By Nikki Cutler contact

- Last updated on GMT

getty | fizkes
getty | fizkes
Consumers are choosing food and drink to boost their mood and clear their mind, both physically and ethically, according to new research revealed at HiE Europe.

Emma Schofield, global food science analyst at Mintel revealed new research during the show in Frankfurt, informing that consumers across the globe believe that what they eat has a direct impact on their emotional wellbeing.

The research shows that consumers, and females in particular, are most interested in food and drink that can improve their holistic health, including everything from their energy levels to their ability to relax and sleep, to their brain function.

She said that ancient health systems can offer inspiration to brands looking to offer holistic health benefits.

“Younger shoppers are showing an interest in mindfulness, yoga, meditation classes and other stress relieving techniques.”

She explained that these newly promoted activities provide opportunities for the food and beverage industry.

“For example, products are using new messaging on-pack, such as Nine Bar - they have added a claim onto pack that they ‘promote mindfulness’ due to the magnesium content of their bars.

“Consumers are also very interested in products that allow them to gain a balance between health and indulgence so we are seeing a lot of products with ‘mindful’ written on them.

"For example, the nut butter brand 'Mindful Bites' claims to offer a 'snack with intention' as it offers an indulgent snack with 'mindfully chosen ingredients'."

Irene Kersbergen, market analyst for Innova Market Insights, also presented research which correlated with Mintel's findings. She said that one quarter of consumers say that relaxation is an important aspect of consuming food and beverage.

She pointed out that as brands have become aware of this trend, there has been a 35% increase in food and drink with a ‘feel good’​ claim on the packaging.

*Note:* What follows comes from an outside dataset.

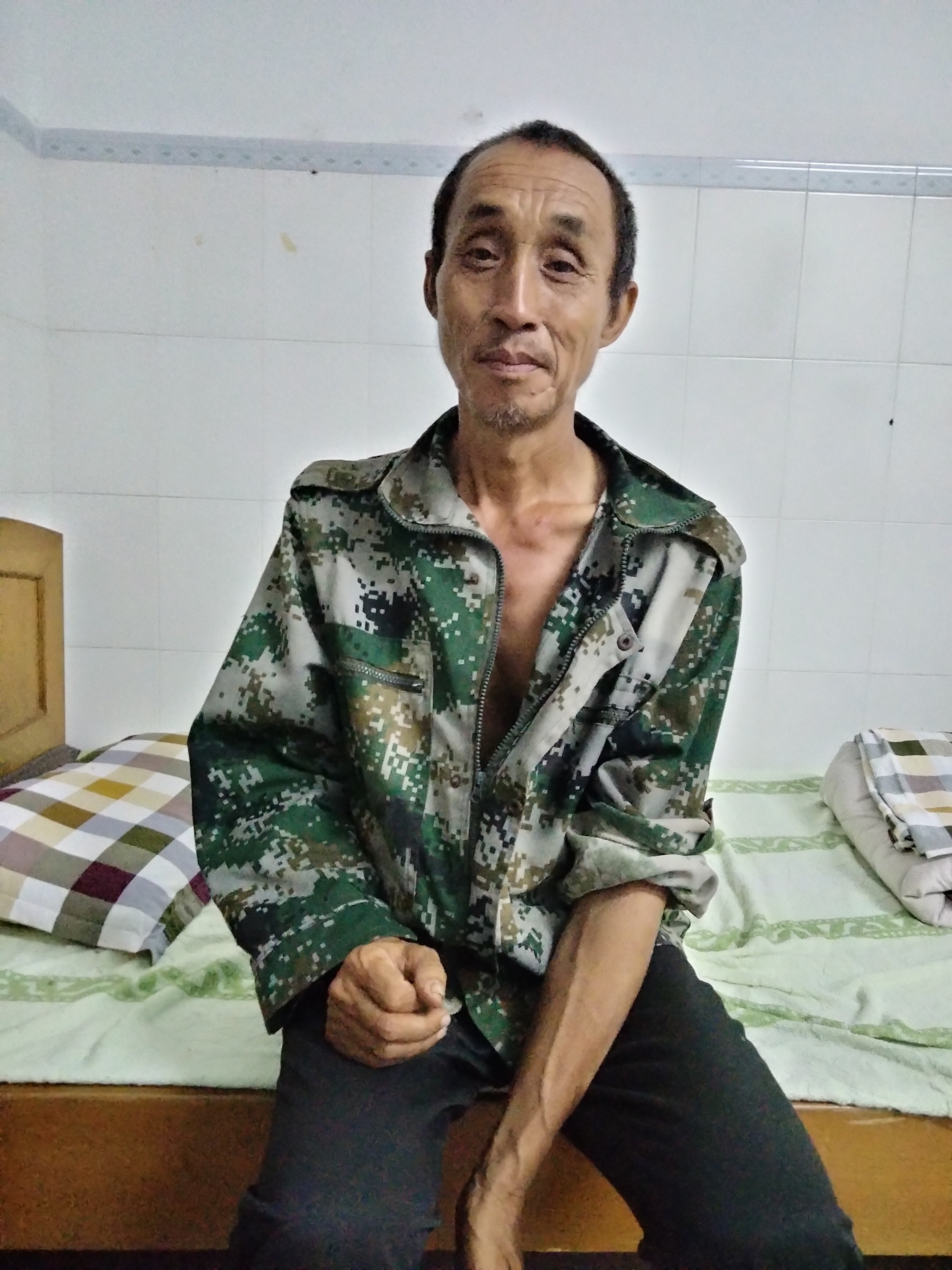 走失者照片 南宁市寻亲：五旬男子被救助，自述叫...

Innova's research has also shown an increase in use of the ‘guilt free’​ claim as brands tap into that want for food and drink to make them feel good, not only from the nutritionally, but also psychologically benefiting from feeling they’ve made good consumption decisions.


Kersbergen added than ‘mindfulness’ can also include social responsibility as consumers are mindful of how their purchases impact the environment.

“Consumers are interested in products that are beneficial to their own health as well as the health of the environment.

“Mintel research has shown that people are more likely to sight environmental concerns as a reason for limit the amount of meat they eat, over their own personal health concerns.

“As such, there’s an increase in the number of brands making environmental health call-outs on pack."